The contradances, played by a small-is-beautiful force from the orchestra, made for a charming opener, with the barnstorming Beethoven hiding discreetly in the wings. The longest of these dances is still just a tiny bite—that’s part of the charm. Hearing them is like eating M & M’s: they’re crunchy outside, smooth inside, swallowed almost before you’ve popped them into your mouth. The performance was high on color and clarity and balance (Aaron Berofsky, the concert master, was particularly fine in his voicing), and the playing was equal parts taut and sly.
In the daunting “Ah! Perfido,” internationally acclaimed soprano Laura Aikin, appearing for the first time with the A2SO, made a dazzling impression. The aria, portraying the torments of a woman scorned, is a thing of many moods, and Aikin conveyed them sensitively and strongly with nuanced and beautifully produced singing. Her concentration was fierce as well: though many in the audience were riveted by how the shoulder of her gorgeous beetle-green gown had slipped down along her arm, threatening a major wardrobe malfunction, Aikin continued as if nothing were wrong. And, in the end, it wasn’t, though it did contribute some extra-musical tension to the performance.
Sustained musical tension, a tension of chaos breeding order, is very much at the heart of the opening of the Ninth Symphony. From its opening bars, the work seems about nothing so much as formation, coalescing. It is about becoming rather than being. The A2SO brought that out beautifully in its reading Saturday; you could hear it in the hollow swirl of the sound in the opening bars, a conjuring of creation.

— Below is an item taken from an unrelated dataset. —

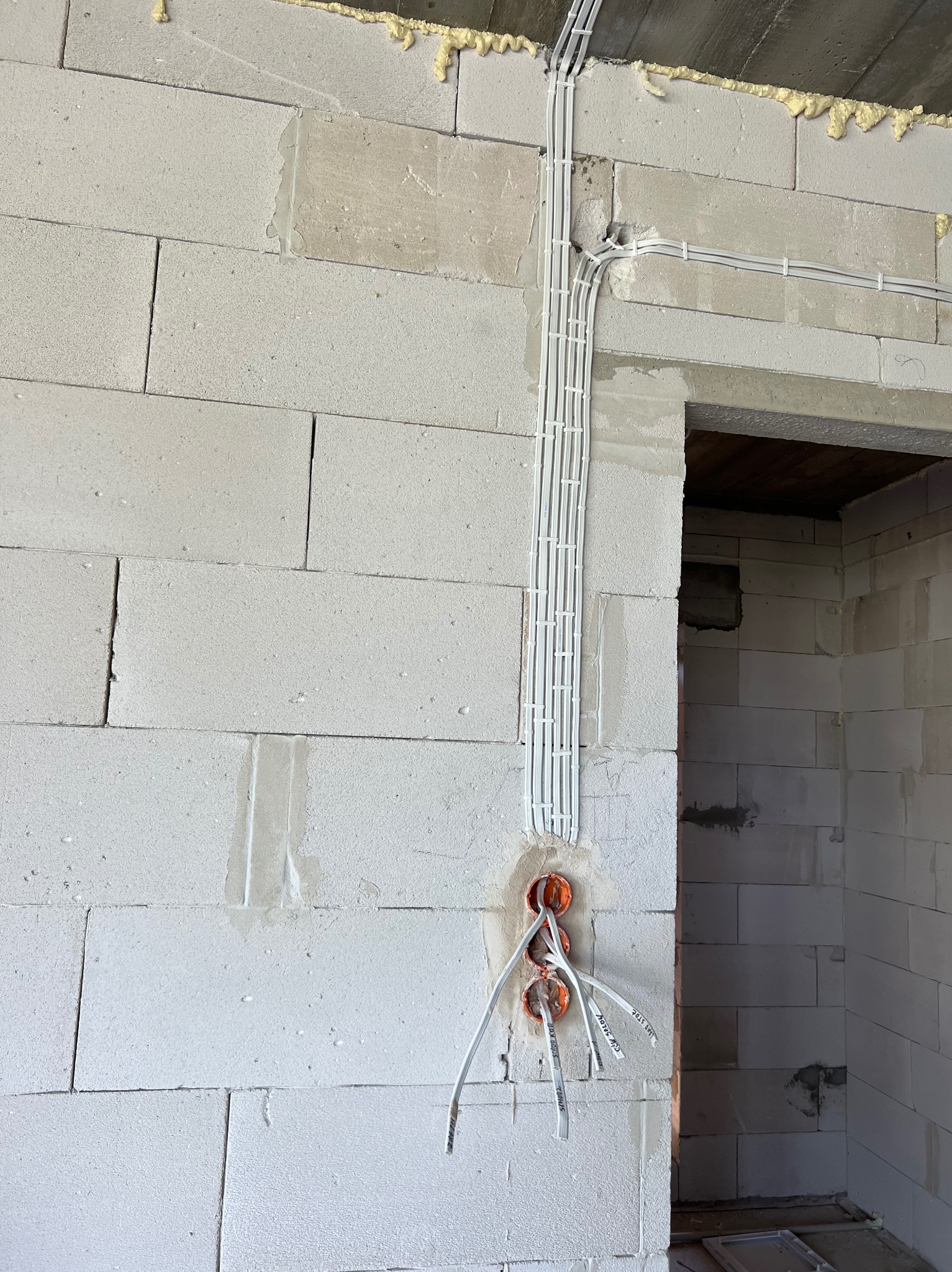 Surowe wnętrze w trakcie prac: widoczne przewody elektryczne w białych rurkach przymocowanych do ściany z betonu komórkowego, wystające z pomarańczowych puszek instalacyjnych.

And yet, neither the first movement, nor the scherzo that follows, were its strongest moments. Through much of the first movement the orchestra seemed to be searching for its sound and looking for line; there was little musical direction. And in the scherzo, despite excellent articulation, the playing seemed quite earthbound.
Then the “divine spark” was lit. In the Adagio, Beethoven seems finally to have found the coming together the first two movements point toward. The orchestra sang its refrain with a sort of hushed heavenly respiration, underpinned by the heartbeat of basses and cellos.
And the finale was similarly inspired. The bass and cello recitative had exquisite speechlike pacing. The soloists—soprano Aikin, joined by alto Melody Racine, tenor Timothy Culver and bass Stephen West—were superb. And the chorus, combining singers from the Carillon Women’s Chorale, the Livingston County Chorale, the Livingston County Women’s Chorus and Measure for Measure—were mighty and moving. Their German diction could have been better, but that was a minor quibble.
Maybe we always need Beethoven’s Ninth Symphony. It’s an amazing thing to encounter it and to be shown, all over again, its genius. And even in untrying times, which these are decidedly not, the uplift of its choral finale and its message of brotherly love, are potent. When a performance ignites, as this one did, it’s simply revivifying to be there.